Lottery-ticket fate-tempting in Ithaca

If you had just bought a lottery ticket, would you be willing to swap it? If you’re like most people, the answer would be an emphatic ‘No’. But why? Given that a properly-run lottery is an entirely random affair, mathematical theory dictates that your chances of winning won’t change whether you swap or not.*
Academia has tackled this question before, but recently, Jane L. Risen, now Assistant Professor of Behavioral Science at the University of Chicago Booth School of Business and Thomas D. Gilovich, Professor and Department Chair of Psychology at Cornell University, New York, decided to take another look.

A group of four controlled studies undertaken at Cornell experimentally investigated why owners of lottery tickets appear reluctant to trade them in for a different ticket, even when they are offered an incentive for doing so. “Two explanations for this reluctance have been offered.” explain the team. “First, people may refrain from taking such actions because of anticipated regret: They know that they will feel worse if their action leads to an undesirable result than if their inaction does Thus, they avoid acting to avoid kicking themselves for a particularly painful mistake.” And/or secondly : “…people may believe that the odds of achieving a favorable outcome are better if they stay where they are than if they make a switch.”
The results of all four studies (involving 301 participants) confirmed (again) that people are reluctant to swap tickets.

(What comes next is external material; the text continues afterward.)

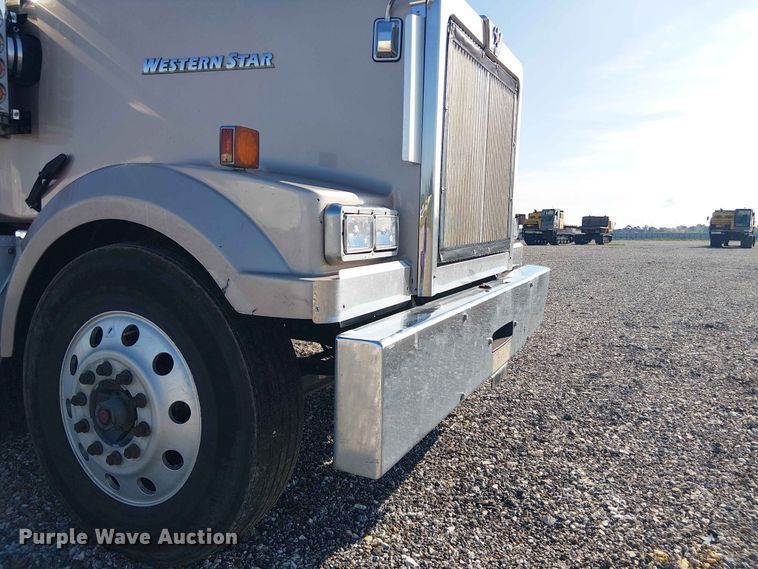 image for item YA3570 2021 Western Star 4900 semi truck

And the professorial team offer an explanation :

“We contend that the elevated perceived likelihood of an exchanged ticket winning is due to the tendency to entertain the painful possibility that the exchanged ticket will win.”

But with the proviso, perhaps hinting at further research possibilities :

“Do people really believe that a lottery ticket is more likely to win if they give it up? Yes and no.”

See: Risen, J.L., & Gilovich, T. (2007). Another look at why people are reluctant to exchange lottery tickets. Journal of Personality and Social Psychology, 93, 12-22.
Also of Note : Professor Gilovich has previously featured in the the archives of Improbable Research for his contributions to the paper ‘When Less is More: Counterfactual Thinking and Satisfaction Among Olympic Medalists,’ V.H. Medvec, S.F. Madey, T. Gilovich, Journal of Personality and Social Psychology, vol. 69, no. 4, October 1995, pp. 603-10.

*Could any ‘random walk’ theorists confirm this for us? Many thanks, Martin G.